2021 journal article
Natural Infrastructure Practices as Potential Flood Storage and Reduction for Farms and Rural Communities in the North Carolina Coastal Plain
Increased global temperatures resulting from anthropogenically induced climate changes have increased the frequency and severity of adverse weather events, including extreme rainfall events, floods, and droughts. In recent years, nature-based solutions (NBS) have been proposed to retain storm runoff temporarily and mitigate flood damages. These practices may help rural farm and forest lands to store runoff and reduce flooding on farms and downstream communities and could be incorporated into a conservation program to provide payments for these efforts, which would supplement traditional farm incomes. Despite their potential, there have been very few methodical assessments and detailed summaries of NBS to date.
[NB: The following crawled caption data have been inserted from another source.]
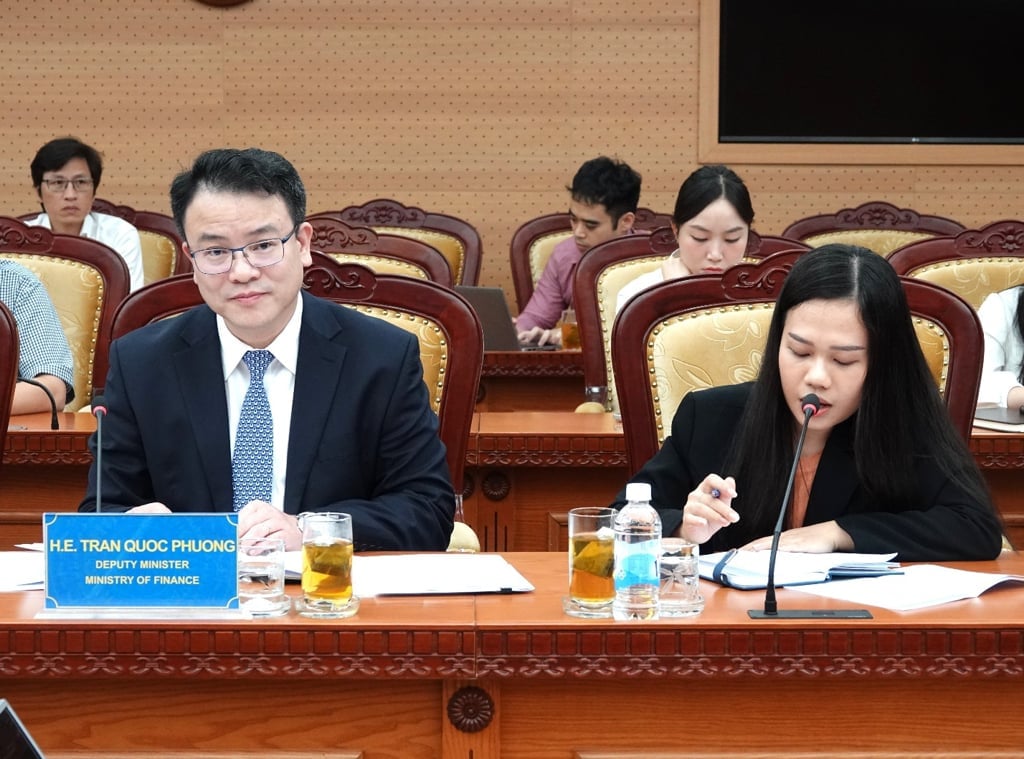 Thứ trưởng Bộ Tài chính Trần Quốc Phương phát biểu tại buổi làm việc với Bộ Đầu tư Ả Rập Xê-út chiều 4/9. Ảnh: MOF. Thứ trưởng Bộ Tài chính Trần Quốc Phương phát biểu tại buổi làm việc với Bộ Đầu tư Ả Rập Xê-út chiều 4/9. Ảnh: MOF.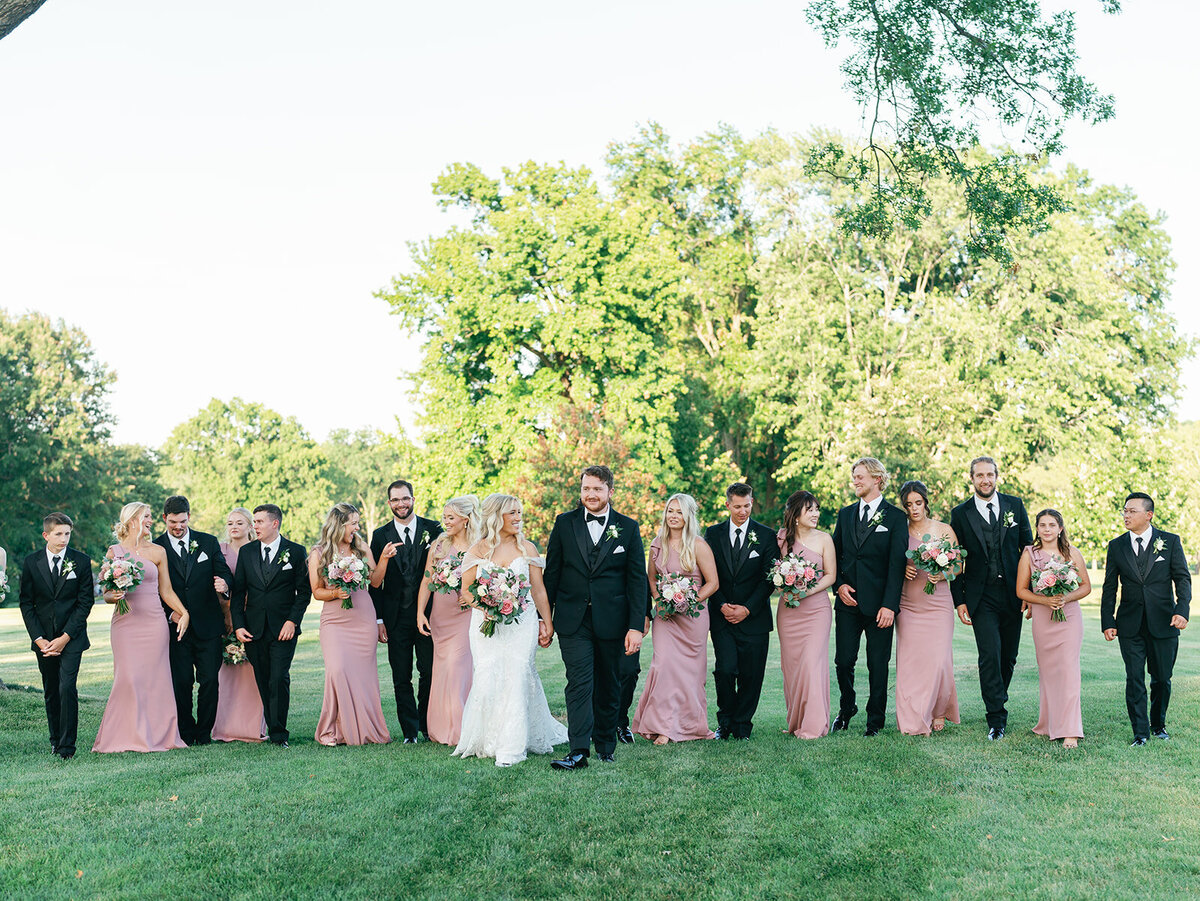 Wedding party pictures at Meadowbrook Country Club in St. Louis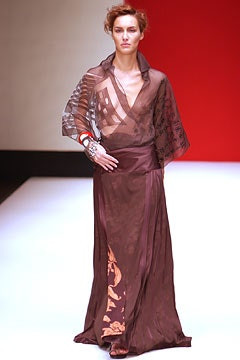 Gianfranco Ferré fashion show for Spring/Summer 2003
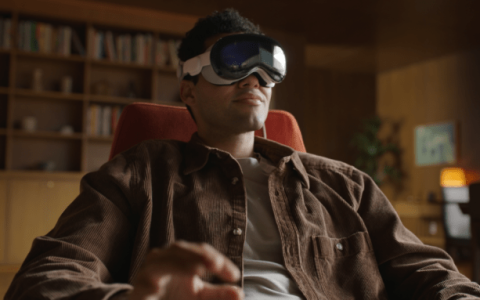 Vision Pro 太贵，苹果基于 iPhone 的 VR 头显专利曝光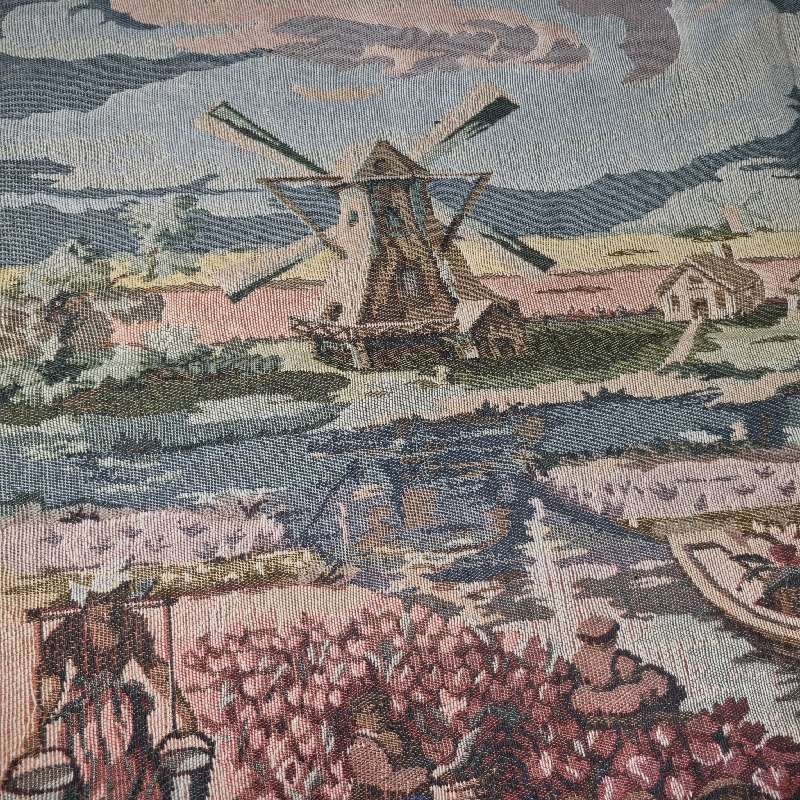 Large Vintage Tapestry - Perfect for Framing - Great condition - Size 90cm x 65cm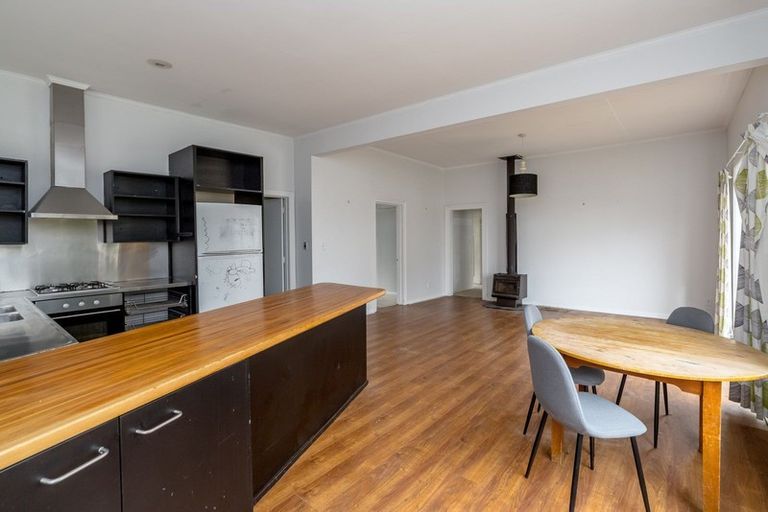 Photo of property in 36 Jellicoe Street, Martinborough, 5711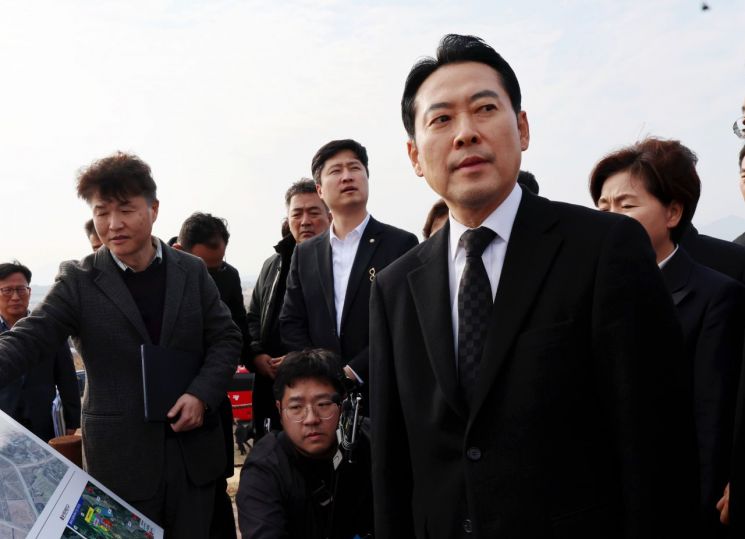 장동혁 "이혜훈 기용은 무늬만 협치...당 배신 인사에 과감한 조치"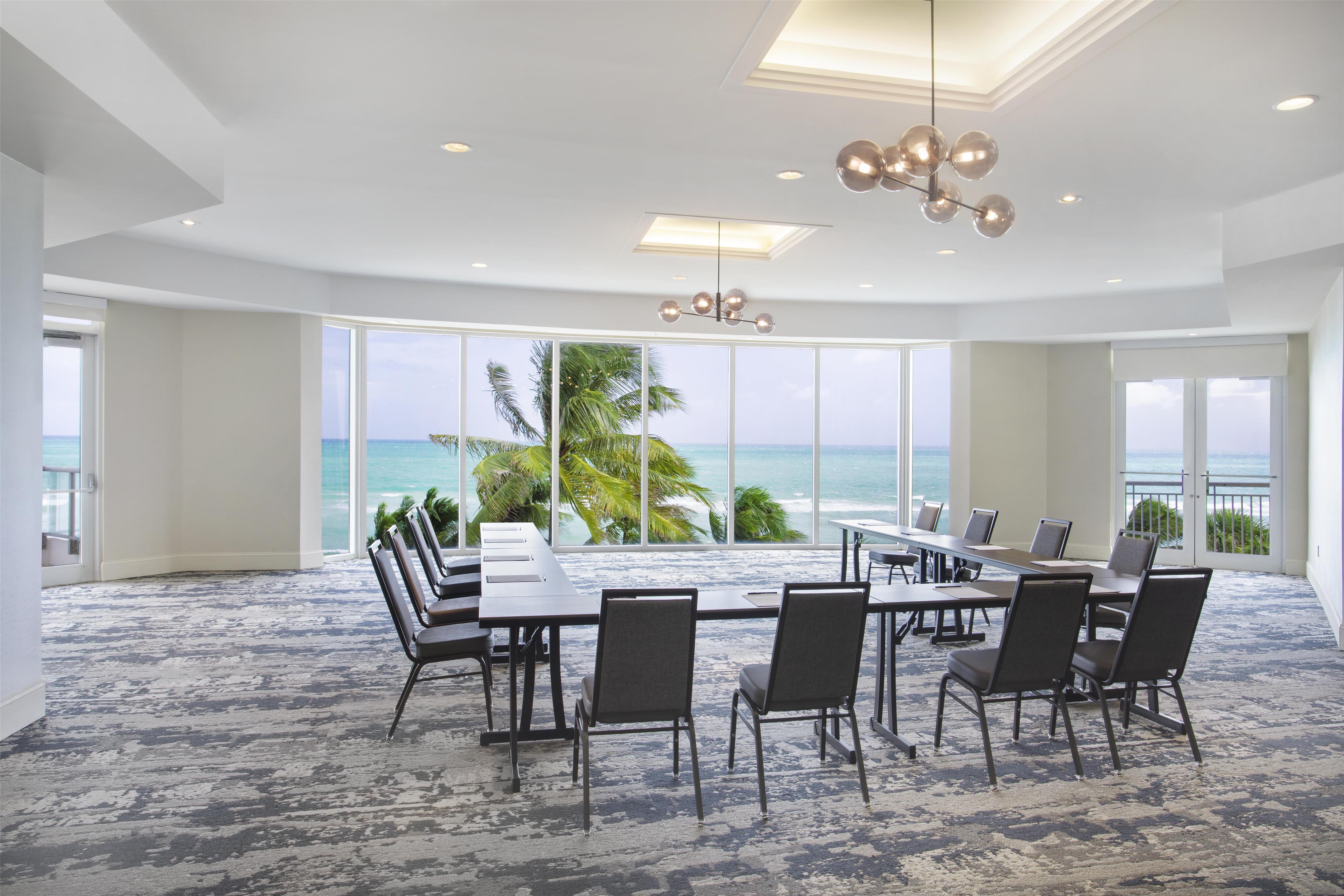 Meeting Room | DoubleTree Resort & Spa by Hilton Ocean Point-N. Miami Beach
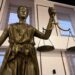 В Тюменской области суд изменил меру пресечения обвиняемой в покушении на убийство младенца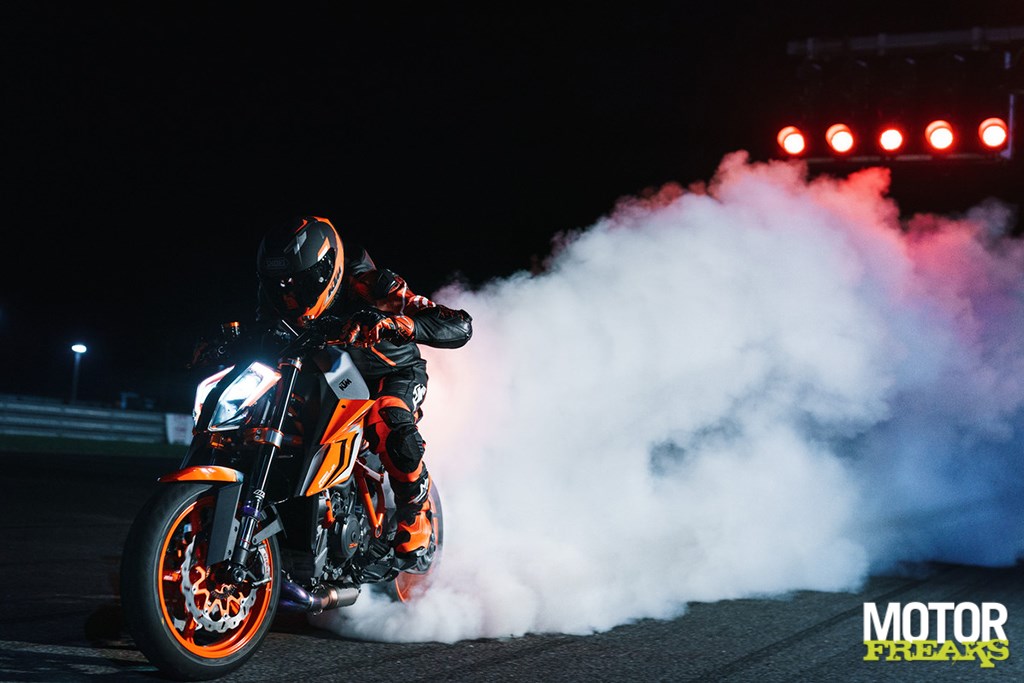 KTM 1290 Super Duke R EVO: semi-active beast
We identified and summarized potential flood reduction practices for the Coastal Plain of North Carolina. These include agricultural practices of (1) cover cropping/no-till farming; (2) hardpan breakup; (3) pine or (4) hardwood afforestation, and (5) agroforestry; establishing the wetland and stream practices of (6) grass and sedge wetlands and earthen retention structures, (7) forest wetland banks, and (8) stream channel restoration; and establishing new structural solutions of (9) dry dams and berms (water farming) and (10) tile drainage and water retention. These practices offer different water holding and storage capacities and costs. A mixture of practices at the farm and landscape level can be implemented for floodwater retention and attenuation and damage reduction, as well as for providing additional farm and forest ecosystem services.